Examples of alphabets include:

  • The binary alphabet, with exactly two characters (|\Sigma|=2), usually denoted 0 and 1. In virtually all computers ever built, data are strings over the binary alphabet, and are known as bit strings.
  • The Latin alphabet, with the characters a, A, b, B, ..., z, Z (|\Sigma|=52). English words may be considered strings over the Latin alphabet.
  • The Unicode character set (the size of this alphabet depends somewhat on what we consider to be a valid Unicode character).
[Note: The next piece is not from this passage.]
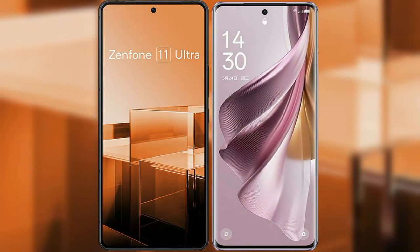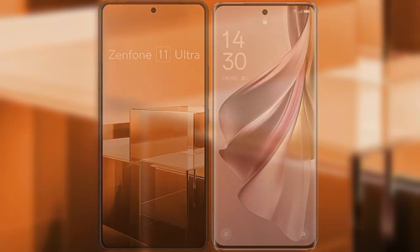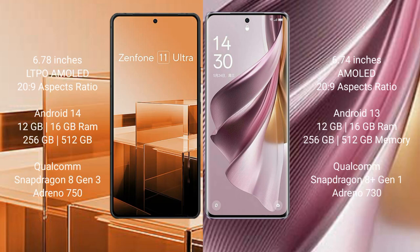I will compare the new Asus Zenfone 11 Ultra with OPPO Reno 10 Pro Plus. Asus Zenfone 11 Ultra comes with a 6.78-inch LTPO AMOLED display and 120Hz refresh rate. OPPO Reno 10 Pro Plus comes with a 6.74-inch AMOLED display and 120Hz refresh rate.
Text files may be considered strings over this alphabet.
  • The set of integers \Sigma = \{0, 1, ..., N-1\} for some N \in \mathbb{N}, for which |\Sigma| = N. Here the characters are also integers, and their corresponding symbols might have more than one glyph when N > 10. (Recall that the definition of character is broader than the common concept of the character as the smallest, indivisible element of writing.)
  • The set of nitrogenous bases in DNA, {A, C, G, T}, with |\Sigma|=4. Codons are considered members of \Sigma^3, and DNA sequences members of \Sigma^*.
  • The set of universal proteinogenic amino acids, {A, C, D, E, F, G, H, I, K, L, M, N, P, Q, R, S, T, V, W, Y} (|\Sigma|=20). The primary structure of a protein is represented as a string over this alphabet. This and the preceding example are important alphabets in bioinformatics.

A substring of a string S = c_1 c_2 ... c_n is a string with the same alphabet as S given by s = c_i c_{i+1} ... c_j for some i, j \in \mathbb{N} with i \leq j \leq n. Note that the empty string is considered a substring of all other strings. In other words, it is a series of (possibly zero) characters occurring consecutively in a string, taken in order. For example, the, in, here, and therein are all substrings of therein, as is \epsilon; however, tin is not (the characters are not consecutive in the original string), nor is rine (the characters do not occur in order in the original string). A prefix is a substring with i = 1, so that \epsilon, the, there, and therein are prefixes of therein. A suffix is a substring with j = n, so that \epsilon, in, rein, herein, and therein are suffixes of therein. We write s \sqsubset S to indicate that s is a prefix of S. Likewise the notation s \sqsupset S denotes that s is a suffix of S. We say that s is a proper prefix of S when s \sqsubset S and s \neq S, with proper suffix defined analogously.

These examples may have given the misleading impression that strings which do not represent "valid" words, such as ther, are not valid strings. This is entirely untrue; ther is also a valid prefix of therein. The definition of a string says nothing about the validity or meaning of a string. A language is a (possibly empty, often infinite) subset of \Sigma^*; an element of a language is often called a word (although this term should be used with caution). Thus, while every element of \Sigma^* is a valid string, not all are necessarily valid words in a language over \Sigma^*. For example, let \Sigma be defined as the Latin alphabet and L \subseteq \Sigma^* be the language consisting of the representations of all valid English words. (Note that we have been careful to distinguish the words themselves from their representations as strings.) Then ther is certainly a valid string, being an element of \Sigma^*, but is not a valid word in L, since it does not represent an English word.

Thus, a string of length N has N+1 prefixes, N+1 suffixes, N proper prefixes, N proper suffixes, and 1+N(N+1)/2 substrings. (Here we consider two substrings to be distinct if they start or end at different indices, except that the empty string is counted only once; see also counting distinct substrings.)

Two strings with the same alphabet can be concatenated. To concatenate two strings is to link them together to give a new string which begins with the first and ends with the second with no overlap. Formally, the concatenation of strings S and T is denoted ST and has the following three properties:

  1. S \sqsubset ST
  2. T \sqsupset ST
  3. |ST| = |S|+|T|

For example, concatenating there and in gives therein. So do concatenating the and rein, or \epsilon and therein, or therein and \epsilon. Note that in general, concatenation is not commutative.